Now we examine the outgoing edge S3’ -> S3. We cannot merge these
conflicts, so we search (greedily, I guess) for a clone of S3 where we
can merge the conflicts. We find one in S3’, and hence we redirect the
S3 edge to S3’ and we are done. (I think the actual search we want is
to make first look for a clone of S3 that is using literally the same
context as us (i.e., same root node), as in this case. If that is not
found, *then* we search for one with a mergable context. If *that*
fails, then we clone a new state.)

The final state thus has two copies of S3, one for the path from S1, and one for the path from S2, which gives us enough context to proceed.

### Conclusion

As I wrote, I’ve been experimenting with the Lane Table algorithm in LALRPOP and I now have a simple prototype that seems to work. It is not by any means exhaustively tested – in fact, I’d call it minimally tested – but hopefully I’ll find some time to play around with it some more and take it through its paces. It at least handles the examples in the paper.

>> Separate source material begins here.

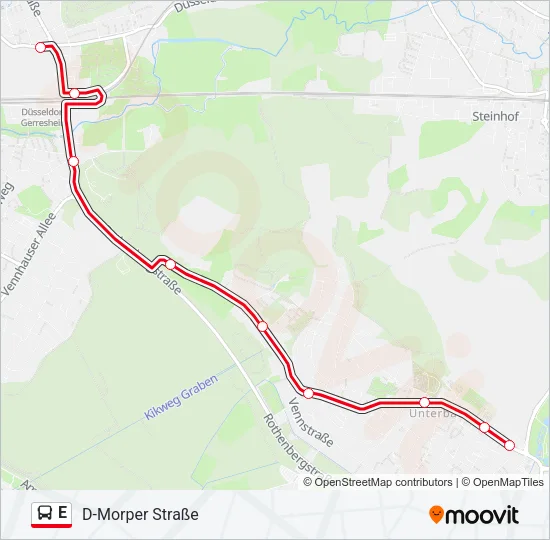 E Bus Line Map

The implementation is also inefficient in various ways. Some of them are minor – it clones more than it needs to, for example – and easily corrected. But I also suspect that one can do a lot more caching and sharing of results. Right now, for example, I construct the lane table for each inconsistent state completely from scratch, but perhaps there are ways to preserve and share results (it seems naively as if this should be possible). On the other hand, constructing the lane table can probably be made pretty fast: it doesn’t have to traverse that much of the grammar. I’ll have to try it on some bigger examples and see how it scales.

### Edits

- The lane table I originally described had the wrong value for the successor column. Corrected.